La differenza del nuovo mondo, della nuova vita, non deve essere tanto evidente se “alcune” sulle nave avevano sognato di essere prime figlie «vendute alla casa delle geishe da nostro padre perché il resto della famiglia potesse sfamarsi […]», un incubo che credevano di essersi lasciate alle spalle salendo sulla nave, ciascuna con il ritratto del proprio sposo serbato con cura «dentro minuscoli medaglioni ovali che portavamo appesi al collo con lunghe catene. Li tenevamo dentro borsette di seta, dentro vecchie lattine di tè, dentro scatole di lacca rossa, e dentro le spesse buste marroni che le quali erano stati spediti dall’America».

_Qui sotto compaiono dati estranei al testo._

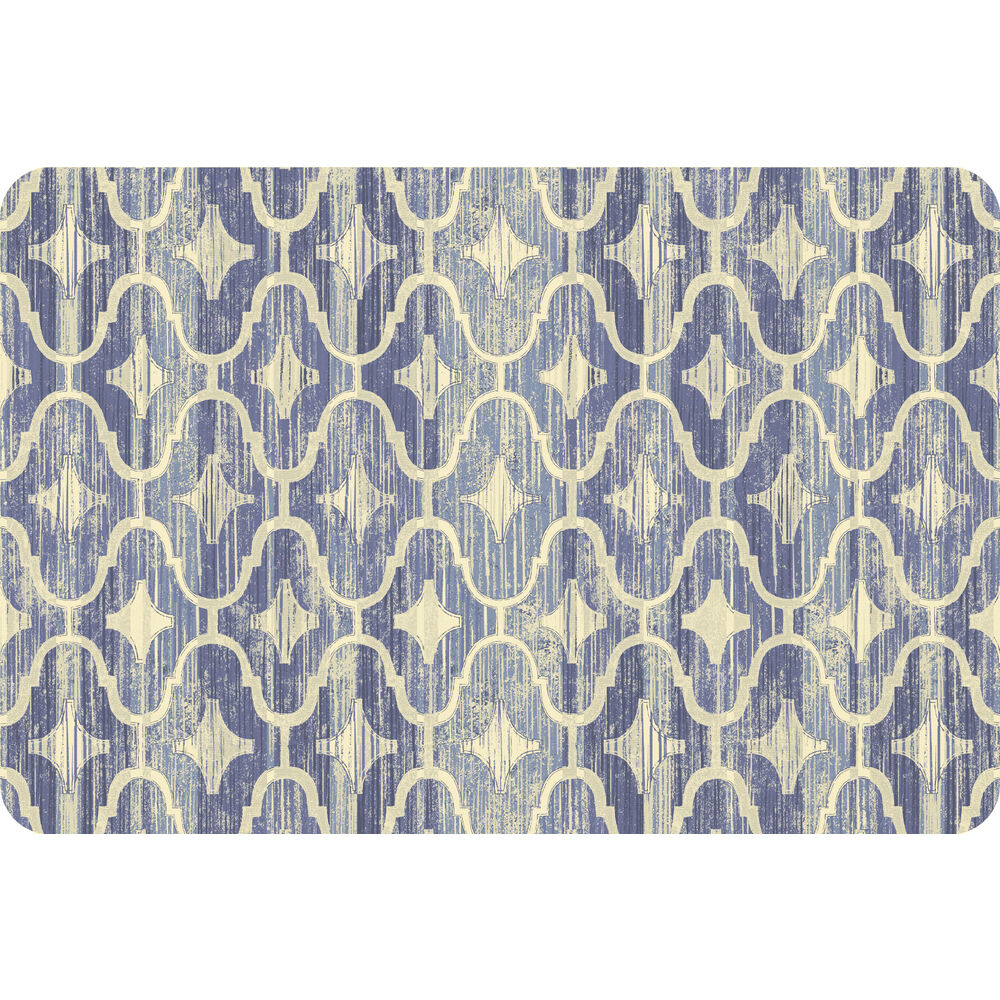 BACKYARD FAMILY「珪藻土 バスマット ソフト 通販 おしゃれ ソフトバスマット 約 40 &times; 60 cm 速乾」|その他|ブルー1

L’impatto con i “bianchi” americani è un cozzo devastante contro un muro di ostilità: «Ci insediavamo ai margini delle loro città, quando ce lo consentivano». Le donne acompagnano in silenzio i mariti in viaggi estenuanti che seguono il tempo scandito dal calendario del raccolto: alcune muoiono subito, altre, che avevano lasciato il Giappone per non dover sposare un contadino e ammazzarsi di fatica, ora si trovano a lavorare come bestie nei campi dei bianchi americani, a raccogliere le “loro” fragole, la “loro” uva, a scavare le “loro” patate, a selezionare i “loro” fagiolini. I bianchi sono uomini enormi, su cavalli enormi, con aratri che pesano il doppio, e voglie da soddisfare in quella terra assolata. «Una di noi li incolpava di tutto e li voleva morti. Una di noi li incolpava di tutto e voleva morire. Altre impararono a vivere senza pensare a loro».
Ma quelle che invece finiscono a servire nelle case dei bianchi, hanno a che fare con le signore bianche: «Furono le loro donne a insegnarci le cose da sapere. […] Le amavamo. Le odiavamo. Volevamo essere loro. Così alte, belle e chiare. Le loro membra lunghe e aggraziate. I loro denti bianchi e splendenti. La loro carnagione pallida e luminosa, che nascondevqa tutti i sette difetti del volto […] Ci davano nuovi nomi. Ci chiamavano Helen e Lily. Ci chiamavano Margaret. Ci chiamavano Pearl. […] Si vantavano di noi con le vicine».
Julie Otsuka non ha bisogno di scrivere la parola “razzismo” per restituirci l’enormità del fenomeno – comune agli immigrati provenienti anche da altri paesi, compresi gli italiani – che però per la comunità nippo americana culminerà in quel provvedimento, adottato da F.D. Roosevelt dopo Pearl Harbour, che provocò la dentenzione in campi di concentramento dei giapponesi, “musi gialli” complici del nemico. “La scomparsa” è l’ultimo capitolo del libro e il registro cambia: il “noi” non è più quello delle donne venute per mare decenni prima, è la comunità di una qualsiasi piccola città americana che da un giorno all’altro non li vede più. Quei “bianchi” commentano: «I giapponesi sono scomparsi dalla nostra città. Le loro case sono sprangate e vuote. Le loro cassette della posta cominciano a traboccare […] In una delle loro cucine – quella di Emi Saito – un telefono nero continua a squillare. […] I più turbati dalla scomparsa dei giapponesi sembrano essere i nostri figli. Ci rispondono male più del solito. Si rifiutano di fare i compiti. Sono ansiosi, inquieti». Hanno paura, si fanno domande. Alcuni, non tutti. Perché anche “loro” non sono tutti uguali.